Preeclampsia is estimated to impact 5–7 % of pregnancies worldwide [1] and is a major cause of complications for pregnant individuals and their infants [2], [3]. Due to the potentially severe and/or fatal sequelae of unrecognized preeclampsia, patients with signs or symptoms (s/s) suggestive of preeclampsia often warrant intensive monitoring. Evaluation and surveillance for suspected preeclampsia imposes a financial burden on the healthcare system [4], [5], and may impart emotional and financial stress on pregnant individuals and their family [6].

Preeclampsia diagnosis is based on evidence of common and non-specific indicators, including hypertension, proteinuria, new-onset cerebral or visual symptoms, impaired liver function, and/or laboratory abnormalities [7], [8], [9]. Diagnostic revisions for preeclampsia over the past decade have increased the reported prevalence of the disease [10]. The systemic symptoms included in the diagnostic criteria may also occur with comorbidities, e.g., hypertension, diabetes, renal disease, and obesity [11]. As the prevalence of these comorbidities is rising in parallel with preeclampsia [4], [12], [13], it is difficult to identify which patients with s/s of suspected preeclampsia will develop the disease based on existing criteria.

In previous studies, 15–26 % of patiens with gestational hypertension ultimately developed preeclampsia [14], [15], suggesting a role for regular blood pressure monitoring during pregnancy [16]. In general, the prevalence of the s/s of suspected preeclampsia, or the costs and outcomes among women with suspected disease who do not ultimately develop preeclampsia, is poorly described. Although preeclampsia diagnostic strategies incorporating angiogenic biomarkers have shown promise in international trials [17], [18], [19], [20], and are incorporated into the definition of preeclampsia in the latest International Society for the Study of Hypertension (ISSHP) guidelines [21], in the US a preeclampsia diagnosis relies on non-specific clinical criteria that contribute to difficulty in risk stratification.

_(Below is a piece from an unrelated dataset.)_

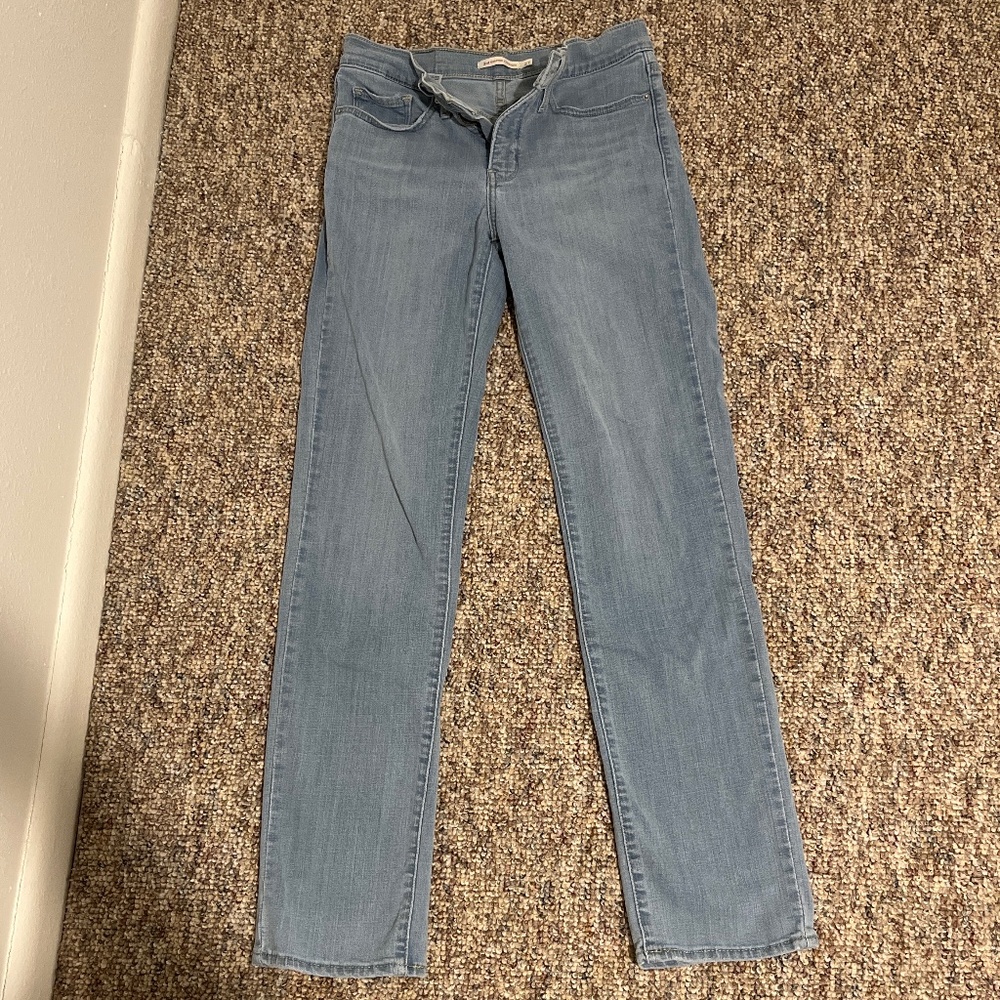 Levi’s Shaping Straight Jeans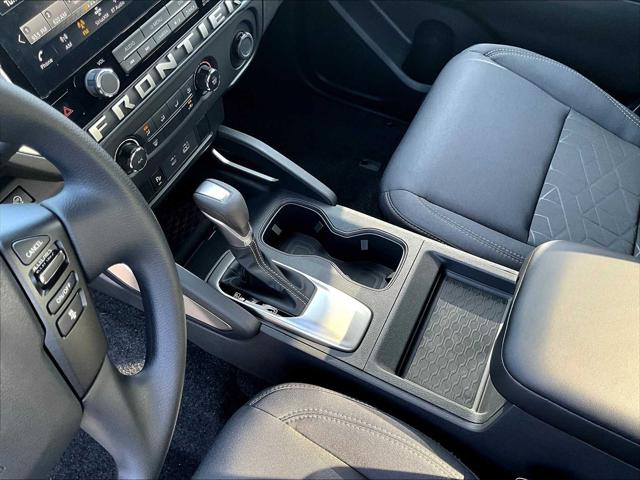 2025 Nissan Frontier King Cab SV 4x4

Our purpose was to investigate the prevalence, outcome, clinical characteristics, and healthcare costs of patients with s/s of suspected preeclampsia and/or a preeclampsia diagnosis versus those without s/s, or a diagnosis. Secondary objectives were to stratify findings by race, geographic location, and payer type to identify which patient groups might benefit most from improved preeclampsia risk assessments.